The Kiss of Deception

The Kiss of Deception by Mary Pearson is a book I looked forward to with much anticipation. I will always read a political intrigue fantasy story, even if many times they leave me dissatisfied. As I began to read, I thought this might be one of those. I almost DNFed it. In the end I'm glad I didn't because once stuff started happening, it got really good.

In a society steeped in tradition, Princess Lia’s life follows a preordained course. As First Daughter, she is expected to have the revered gift of sight—but she doesn’t—and she knows her parents are perpetrating a sham when they arrange her marriage to secure an alliance with a neighboring kingdom—to a prince she has never met.
On the morning of her wedding, Lia flees to a distant village. She settles into a new life, hopeful when two mysterious and handsome strangers arrive—and unaware that one is the jilted prince and the other an assassin sent to kill her. Deception abounds, and Lia finds herself on the brink of unlocking perilous secrets—even as she finds herself falling in love.

I loved the opening chapters of the book. I was entranced by the cadence of the words, the world-building, and Lia herself. I thought the build-up to Lia's flight and the carefully given glimpses into her life to explain it were truly well done. Then the narrator introduces the prince and the assassin in two chapters each form their point of view. And then a great deal doesn't happen but romantic angst for about 150 pages. This is where the author almost lost me. There isn't so much political intrigue as romantic intrigue. It is possible to do this well, but it felt a little forced here, like the author was trying so hard  to be coy, she lost what could have been a lot of great character and plot development as a result. It didn't help that Lia mentions that there is a lot banter exchanged between her and Rafe (and she enjoys this), but we as readers are not privy to this banter. Hello! I love good banter. I crave good banter. If you are going to spend so much time developing a romance, DEVELOP IT. Don't just tell me about it. I feel like this middle part could be much shorter and it would do the book a world of good. Eventually something happens that moves the plot forward and things get amazing from then on.
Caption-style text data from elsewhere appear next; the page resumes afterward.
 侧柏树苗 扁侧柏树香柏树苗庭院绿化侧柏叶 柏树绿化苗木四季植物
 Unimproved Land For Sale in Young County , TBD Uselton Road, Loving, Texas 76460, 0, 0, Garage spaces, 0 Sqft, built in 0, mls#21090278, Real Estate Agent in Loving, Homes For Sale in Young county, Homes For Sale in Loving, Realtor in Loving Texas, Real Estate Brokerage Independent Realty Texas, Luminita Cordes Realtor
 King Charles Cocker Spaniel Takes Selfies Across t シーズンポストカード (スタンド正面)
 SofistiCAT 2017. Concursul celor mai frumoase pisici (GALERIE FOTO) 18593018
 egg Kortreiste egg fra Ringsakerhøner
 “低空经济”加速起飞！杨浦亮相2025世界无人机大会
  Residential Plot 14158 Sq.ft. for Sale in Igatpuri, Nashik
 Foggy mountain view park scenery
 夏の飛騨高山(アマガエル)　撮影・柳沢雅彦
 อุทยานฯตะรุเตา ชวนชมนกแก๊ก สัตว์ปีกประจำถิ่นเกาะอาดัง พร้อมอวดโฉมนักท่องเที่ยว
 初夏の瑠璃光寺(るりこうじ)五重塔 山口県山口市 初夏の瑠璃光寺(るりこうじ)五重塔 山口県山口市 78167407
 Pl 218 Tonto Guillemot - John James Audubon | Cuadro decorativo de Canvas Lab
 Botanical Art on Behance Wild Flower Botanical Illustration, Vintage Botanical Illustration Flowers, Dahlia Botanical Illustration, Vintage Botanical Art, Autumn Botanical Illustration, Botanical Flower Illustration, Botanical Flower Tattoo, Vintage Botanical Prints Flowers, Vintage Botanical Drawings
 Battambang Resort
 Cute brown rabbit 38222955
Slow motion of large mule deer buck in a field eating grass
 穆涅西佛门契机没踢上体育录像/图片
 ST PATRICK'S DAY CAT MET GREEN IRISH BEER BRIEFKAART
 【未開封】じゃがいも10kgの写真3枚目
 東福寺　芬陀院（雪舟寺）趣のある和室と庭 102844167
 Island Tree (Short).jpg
The latter third of the book is where Lia's character begins to turn into a person I will follow and cheer from now until the end of the trilogy. She comes across as spoiled (or at least she did to me at first). Not because she wants fine things and is unwilling to work, but because she abandoned her family and her people at a time they truly needed her. Running away from your father the king may seem brave but when it risks a war that will costs innocent lives, you are the one that is in the wrong. Lia's naiveté about the world and the way it works starts to melt away as she is forced to confront some harsh realities. The Lia that is present at the end of the book is very different from the one at the  beginning and I like her so much better, but it was interesting to watch her get there. That change happening as it did was what was needed to make her the hero she will need to be for what is coming next. 

Speaking of....this book has what could be called a cliffhanger ending except it really kind of just ends. It's not like we got to the climax and were left hanging. There is no climax. This feels like all rising action, which, I suppose, one could argue is fine in the first part of a trilogy. I personally just like each of my installments in a series or trilogy to have its own distinct plot arc. The writing is engaging though, and now I'm hooked. There is no way I'm going to let this trilogy go unfinished. I'm looking forward to seeing what happens in book two.

One other concern I had going in was that there was going to be a love triangle, and while what manifested here vaguely resembles one, I feel like Pearson dealt with that well. I can only hope that continues because I will be unhappy if Lia actually waffles at all between these two. I don't want to spoil anyone so I will just say this about the boys: one of them is amazing, one of them is so not. (Like getting drunk and assaulting her so not.) 

Overall this one is enjoyable, though I think the pacing could have been much better. The end really saved it for me and I'm glad I kept reading.

I read an e-galley provided by the publisher, Henry Holt, via NetGalley. The Kiss of Deception goes on sale July 8. 


  1. The "two mysterious and handsome strangers" bit in the synopsis put me off a bit. Otherwise, it looks interesting. I'm glad you reviewed this so I have a better idea of what to expect. I have a feeling my reaction will be similar to yours.

    1. Yes and I was really not happy with that at first, but I think she dealt with it well.